* Posts by Rational Debate

1 publicly visible post • joined 10 Nov 2010

Two-faced world spends billions on climate help, fossil fuel

Rational Debate

Rational Debate

Um, Tim, (Mr. Reporter guy), my friend, can we have a private little chat?

You see, I do believe you have managed to rather royally "step in it," so to speak, with this article of yours. You see, for $$ comparisons of energy subsidies to make any sense what-so-ever, one has to compare those subsidies to the amount of power that each item subsidized is producing - in other words, on a dollar/cost per unit energy produced. If you try this little experiment, you will find that the amount of subsidies for renewables are vastly LARGER than subsidies for fossil fuels.
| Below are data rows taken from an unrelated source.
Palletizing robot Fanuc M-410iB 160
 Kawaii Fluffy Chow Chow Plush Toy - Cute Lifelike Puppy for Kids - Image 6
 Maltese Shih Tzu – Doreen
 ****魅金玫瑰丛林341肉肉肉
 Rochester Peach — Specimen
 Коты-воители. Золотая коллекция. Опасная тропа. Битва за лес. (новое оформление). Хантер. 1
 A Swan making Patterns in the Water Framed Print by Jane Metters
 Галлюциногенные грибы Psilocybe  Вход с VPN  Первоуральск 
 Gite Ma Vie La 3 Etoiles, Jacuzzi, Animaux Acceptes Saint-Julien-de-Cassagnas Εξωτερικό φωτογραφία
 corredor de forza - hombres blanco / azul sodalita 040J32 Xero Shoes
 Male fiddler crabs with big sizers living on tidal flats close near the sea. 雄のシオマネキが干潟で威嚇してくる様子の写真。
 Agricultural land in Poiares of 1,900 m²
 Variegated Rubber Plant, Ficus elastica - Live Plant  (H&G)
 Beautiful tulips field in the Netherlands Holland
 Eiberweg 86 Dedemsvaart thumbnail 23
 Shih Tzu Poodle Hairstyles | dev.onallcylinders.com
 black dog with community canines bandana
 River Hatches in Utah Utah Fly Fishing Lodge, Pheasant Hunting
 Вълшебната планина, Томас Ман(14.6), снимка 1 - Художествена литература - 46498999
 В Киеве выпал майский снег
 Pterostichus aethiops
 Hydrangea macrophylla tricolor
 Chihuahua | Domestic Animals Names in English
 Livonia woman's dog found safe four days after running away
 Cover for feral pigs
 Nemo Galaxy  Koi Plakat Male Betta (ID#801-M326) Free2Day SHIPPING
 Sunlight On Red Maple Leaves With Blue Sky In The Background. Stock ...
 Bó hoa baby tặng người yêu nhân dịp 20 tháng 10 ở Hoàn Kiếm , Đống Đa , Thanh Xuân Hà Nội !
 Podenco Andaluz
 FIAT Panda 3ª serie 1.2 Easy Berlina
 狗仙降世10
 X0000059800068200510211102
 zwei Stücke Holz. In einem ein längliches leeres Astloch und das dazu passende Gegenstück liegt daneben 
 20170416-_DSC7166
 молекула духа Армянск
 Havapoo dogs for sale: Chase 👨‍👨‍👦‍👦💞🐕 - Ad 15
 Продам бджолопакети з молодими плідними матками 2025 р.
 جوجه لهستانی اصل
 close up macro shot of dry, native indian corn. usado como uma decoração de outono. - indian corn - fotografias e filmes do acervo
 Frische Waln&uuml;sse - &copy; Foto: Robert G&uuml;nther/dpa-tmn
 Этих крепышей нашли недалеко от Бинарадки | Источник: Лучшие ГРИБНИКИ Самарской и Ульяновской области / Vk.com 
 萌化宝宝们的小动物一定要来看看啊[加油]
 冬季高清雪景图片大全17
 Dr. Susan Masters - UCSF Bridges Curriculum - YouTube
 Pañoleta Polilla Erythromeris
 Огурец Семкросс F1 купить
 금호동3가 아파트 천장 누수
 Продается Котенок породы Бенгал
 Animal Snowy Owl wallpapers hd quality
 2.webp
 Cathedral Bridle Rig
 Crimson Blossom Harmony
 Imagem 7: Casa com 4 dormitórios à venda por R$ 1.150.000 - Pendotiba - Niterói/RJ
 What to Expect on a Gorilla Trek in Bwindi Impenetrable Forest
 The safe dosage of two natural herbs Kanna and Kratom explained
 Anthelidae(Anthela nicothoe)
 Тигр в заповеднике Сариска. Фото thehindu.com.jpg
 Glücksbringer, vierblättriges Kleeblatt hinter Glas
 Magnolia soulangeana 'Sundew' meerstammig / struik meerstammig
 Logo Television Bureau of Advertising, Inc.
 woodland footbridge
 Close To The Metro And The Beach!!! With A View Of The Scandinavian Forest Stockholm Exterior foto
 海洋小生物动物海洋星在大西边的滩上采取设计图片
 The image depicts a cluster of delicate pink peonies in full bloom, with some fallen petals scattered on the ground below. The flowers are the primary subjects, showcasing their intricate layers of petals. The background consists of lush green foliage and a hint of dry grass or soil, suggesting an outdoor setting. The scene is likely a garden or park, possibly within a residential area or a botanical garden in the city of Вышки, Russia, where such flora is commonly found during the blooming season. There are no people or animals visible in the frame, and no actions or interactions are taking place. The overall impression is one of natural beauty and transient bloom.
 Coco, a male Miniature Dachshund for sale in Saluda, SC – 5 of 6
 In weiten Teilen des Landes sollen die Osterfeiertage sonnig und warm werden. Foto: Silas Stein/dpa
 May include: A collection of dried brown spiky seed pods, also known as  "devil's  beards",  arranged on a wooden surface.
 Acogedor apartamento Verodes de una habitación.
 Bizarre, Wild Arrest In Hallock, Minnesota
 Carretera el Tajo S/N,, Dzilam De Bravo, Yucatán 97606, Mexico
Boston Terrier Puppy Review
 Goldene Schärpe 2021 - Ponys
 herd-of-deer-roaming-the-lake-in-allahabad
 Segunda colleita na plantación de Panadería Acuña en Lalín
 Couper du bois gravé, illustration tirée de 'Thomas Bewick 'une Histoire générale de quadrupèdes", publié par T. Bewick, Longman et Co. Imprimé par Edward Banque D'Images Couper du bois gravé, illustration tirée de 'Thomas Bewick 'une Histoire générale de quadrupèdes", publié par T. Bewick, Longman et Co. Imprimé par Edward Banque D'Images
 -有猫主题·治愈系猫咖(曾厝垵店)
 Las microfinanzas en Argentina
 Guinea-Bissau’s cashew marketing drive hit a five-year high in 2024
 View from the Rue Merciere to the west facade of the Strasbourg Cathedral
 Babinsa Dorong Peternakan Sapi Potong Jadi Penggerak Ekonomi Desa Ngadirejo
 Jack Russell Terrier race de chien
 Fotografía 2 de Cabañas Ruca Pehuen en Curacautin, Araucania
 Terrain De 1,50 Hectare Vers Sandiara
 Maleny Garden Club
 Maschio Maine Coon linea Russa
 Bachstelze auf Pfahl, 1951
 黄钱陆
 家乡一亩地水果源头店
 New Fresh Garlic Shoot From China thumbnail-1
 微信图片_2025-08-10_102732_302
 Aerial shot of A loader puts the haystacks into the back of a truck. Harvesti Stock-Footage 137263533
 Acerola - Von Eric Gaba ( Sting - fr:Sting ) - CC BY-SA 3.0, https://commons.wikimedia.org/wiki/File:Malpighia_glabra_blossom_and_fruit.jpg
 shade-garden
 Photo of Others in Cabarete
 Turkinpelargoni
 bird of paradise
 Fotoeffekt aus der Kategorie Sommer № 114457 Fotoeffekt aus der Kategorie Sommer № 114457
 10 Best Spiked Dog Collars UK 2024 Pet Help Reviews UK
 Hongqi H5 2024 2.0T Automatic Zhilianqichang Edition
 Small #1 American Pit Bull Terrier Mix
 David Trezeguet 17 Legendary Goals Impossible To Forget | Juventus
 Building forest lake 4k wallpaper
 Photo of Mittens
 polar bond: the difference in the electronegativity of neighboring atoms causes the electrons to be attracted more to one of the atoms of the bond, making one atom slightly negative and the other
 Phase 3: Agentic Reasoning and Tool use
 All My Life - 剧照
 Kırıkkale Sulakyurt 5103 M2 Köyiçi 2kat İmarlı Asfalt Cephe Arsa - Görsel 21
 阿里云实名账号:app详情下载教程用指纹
According to the Energy Information Administration the relative subsidies for various energy sources, includes the fact that wind and solar get in the neighborhood of 100 times the subsidy that oil and gas do per unit of energy produced. For all of the various energy sources, they show $23.50 per MwH for wind, $24.50 for solar, hydroelectric (dams) $0.60 -- whereas oil and gas get only $0.25, coal gets $0.44, and nuclear gets about $1.60.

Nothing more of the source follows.